Forum Discussion

C_the_S's avatar
C_the_S
Bronze Contributor
Apr 19, 2017

Changing UPNs / Domains

We are going to be changing our company name, so this requires a new domain. The new domain has been added to On-Prem AD and Office365.   On a test user we have changed the UPN to the new domain a...
office 365
C_the_S's avatar
C_the_S
Bronze Contributor
Apr 19, 2017

I've attempted to reply to this thread twice already but neither has shown up.

Want to thank you for the link as I modified their script and it worked.

 

And no VasilMichev, it did not require a password change for it to work. It just required running the proper PowerShell script which the Support document obviously doesn't have.

  • Justin Baker's avatar
    Justin Baker
    Copper Contributor
    Apr 27, 2017

    I ran into the same issue and this exchange helped me, but I'd like to add that to me the big difference between the MSOL cmdlets and the Azure AD (new) cmdlets is that the MSOL cmdlet will generate a password for your profile when running it and the AzureAD cmdlets do not. 

     

    In order to fix this issue you first have to change your UPN to match the default domain - for example @tenant.microsoft.com which is a MS domain and since that domain is not a federated one, the user account needs a password.

     

    When setting the UPN to match the default domain using the MSOL cmdlets, I didn't get an error about password profile being empty which was great. The cmdlet worked, however, it returned a random 8 character alphanumeric word each time I executed it when the default domain (@tenant.microsoft.com) was part of the UPN.  This leads me to believe the cmdlet is generating a password and setting it as part of its process for setting the UPN when no password exists in the profile and getting around the error that the Set-AzureADUser cmdlet throws when no password is set in the profile.

     

    When you run the cmdlet the 2nd time and set it to the federated domain name (its a 2 step process to fix this issue), the random alphanumeric 8 character word is not generated which makes sense as the domain the UPN is using is now a federated one and the user will authenticate against your on-premise ADFS instance not against an Azure owned domain (aka default domain).

     

     

     

    • C_the_S's avatar
      C_the_S
      Bronze Contributor
      Apr 27, 2017

      Thanks, but I ran the script on two test users to change their UPNs, and at no time did I or the scripts change their passwords. It finished successfully both times.

      Maybe that isn't how it is supposed to work, but that is how it worked for us.

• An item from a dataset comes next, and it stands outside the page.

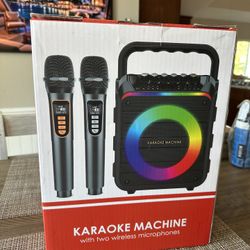 Karaoke/ Speaker  Machine with 2 Wireless Microphones,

      • Justin Baker's avatar
        Justin Baker
        Copper Contributor
        Apr 28, 2017

        The command finished successfully for me as well, but whenever I changed the UPN to the default domain (Microsoft's domain) using the MSOL cmdlet it would return at 8 character alphanumber upon completion, but only when I chose Microsoft's domain as the one for the UPN and not my federated one.  

         

        Are you saying if you change your user from the federated domain to the Microsoft default domain that the cmdlet does not return that for you?

         

        Example:

         

        Set-MsolUserPrincipalName -UserPrincipalName justin@mydomain.net -NewUserPrincipalName justin@tenant.microsoft.com

         

        Then I'd see something like the below output to my shell

        Bota2317

         

        I'm using powershell verion 5.1 on Windows 10 to run the cmdlet.